We may get a first glimpse of the results by inspecting the basic descriptive statistics. For this, we ignore texts shorter than 50 lemmas, because measures like TTR and MTLD become rather meaningless for very short compositions. It appears that MTLD varies from 9.5 all the way up to 487.3, with a mean value of 78.1. That means that there is a text that, on average, needs only 10 words (two or three lines) to push the TTR under 0.720 - meaning a lot of repeated words (or repeated phrases) all over the place.

In [None]:
lit_comp.loc[lit_comp.length > 50].describe()

#### 3.2.2 Adding Metadata
Above, we computed various statistics for each of the literary compositions. The catalog file for [epsd2/literary](http://oracc.org/epsd2/literary) contains further information (such as the composition name). Parsing the `catalogue.json` of an [ORACC](http://oracc.org) project is discussed in more detail in section [2.1.1](../2_1_Data_Acquisition_ORACC/2_1_1_parse-json-cat.ipynb).

In [None]:
file = "jsonzip/epsd2-literary.zip" # The ZIP file was downloaded in the previous notebook
z = zipfile.ZipFile(file) 
st = z.read("epsd2/literary/catalogue.json").decode("utf-8")
j = json.loads(st)
cat_df = pd.DataFrame(j["members"]).T
#The important information, giving the title of the literary text is sometimes found in 
# `designation` and sometimes in `subgenre`. Merge those two fields.
cat_df.loc[cat_df.designation.str[:13] == "CDLI Literary", "designation"] = cat_df.subgenre
# Exemplars have a P number (`id_text`), composite texts have a Q number (`id_composite`).
# Merge those two in `id_text`.
cat_df["id_text"] = cat_df["id_text"].fillna(cat_df["id_composite"])
# Keep only `id_text` and `designation`.
cat_df = cat_df[["id_text", "designation"]]
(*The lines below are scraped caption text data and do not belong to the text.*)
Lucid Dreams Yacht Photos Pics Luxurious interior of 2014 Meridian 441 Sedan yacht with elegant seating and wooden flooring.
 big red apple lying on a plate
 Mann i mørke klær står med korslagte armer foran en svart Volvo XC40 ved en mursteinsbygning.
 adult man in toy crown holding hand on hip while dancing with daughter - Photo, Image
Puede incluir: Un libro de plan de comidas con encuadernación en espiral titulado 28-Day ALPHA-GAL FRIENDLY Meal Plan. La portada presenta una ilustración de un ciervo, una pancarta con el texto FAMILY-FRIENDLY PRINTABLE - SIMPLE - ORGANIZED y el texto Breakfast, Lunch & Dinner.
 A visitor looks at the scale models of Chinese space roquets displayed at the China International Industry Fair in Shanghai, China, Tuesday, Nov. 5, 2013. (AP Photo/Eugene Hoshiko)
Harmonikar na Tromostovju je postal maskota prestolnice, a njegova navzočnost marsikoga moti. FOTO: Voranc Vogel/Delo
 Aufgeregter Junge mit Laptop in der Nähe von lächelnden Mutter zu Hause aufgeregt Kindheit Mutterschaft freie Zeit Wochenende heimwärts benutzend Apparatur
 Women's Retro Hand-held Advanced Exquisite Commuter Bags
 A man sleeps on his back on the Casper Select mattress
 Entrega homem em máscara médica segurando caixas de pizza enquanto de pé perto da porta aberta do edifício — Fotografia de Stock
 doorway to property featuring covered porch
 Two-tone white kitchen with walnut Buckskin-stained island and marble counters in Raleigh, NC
Merge the Lexical Richness statistics (`lit_comp`) with the number of lexical matches from the DTM (`lit_df`) by the shared field `id_text`. Merge the resulting DataFrame (`lit_df2`) with the metadata (`cat_df`). The merge method is "inner," which means that only those rows that exist in all three DataFrames will end up in the new DataFrame. Thus, the compositions with 0 lemmatized words, which were eliminated above, will not re-surface in the new DataFrame.

In [None]:
lit_df2 = pd.merge(lit_comp[["id_text", "length", "mtld", "ttr", "lex_var"]], cat_df, on = 'id_text', how = 'inner')
lit_df2

### 3.z.3 Exploring the Results
The following code displays the results in an interactive table that may be sorted (ascending or descending) in different ways for further exploration. By default, texts shorter than 50 lemmatized words are excluded and only the first 10 columns are displayed. One may change these numbers by moving the slides. The column `id_text` provides links to the editions in [epsd2/literary](http://oracc.org/epsd2/literary).

In [None]:
anchor = '<a href="http://oracc.org/epsd2/literary/{}", target="_blank">{}</a>'
lit = lit_df2.copy()
lit['id_text'] = [anchor.format(val,val) for val in lit['id_text']]
lit['PQ'] = ['Composite' if i[0] == 'Q' else 'Exemplar' for i in lit_df2['id_text']]

In [None]:
@interact(sort_by = lit.drop('PQ', axis=1).columns, rows = (1, len(lit), 1), min_length = (0,500,5), show = ["Exemplars", "Composites", "All"])
def sort_df(sort_by = "mtld", ascending = False, rows = 10, min_length = 200, show = "All"):
    if not show == 'All':
        l = lit.loc[lit['PQ'] == show[:-1]]
    else:
        l = lit
    l = l.drop('PQ', axis = 1)
    l = l.loc[l.length >= min_length].sort_values(by = sort_by, ascending = ascending).reset_index(drop=True)[:rows].style
    return l

#### 3.z.4 Discussion
A second issue of discussion is the usefulness of the MTLD measure. Which compositions score high on MTLD, and what does that tell us about these compositions? If we restrict the table to compositions (leaving exemplars out) and only take compositions that are at least 200 words long, the for top-scoring compositions on MTLD are all royal hymns: Enlil Bani A (253); Šulgi A (247); Išme-Dagan I (229); and Lipit-Eštar A (205). These numbers are very high, indeed. Enlil Bani A is only 312 words long, meaning that the TTR value only gets to the threshold value of .720 in the last quarter of the text (and that the text has only one full factor).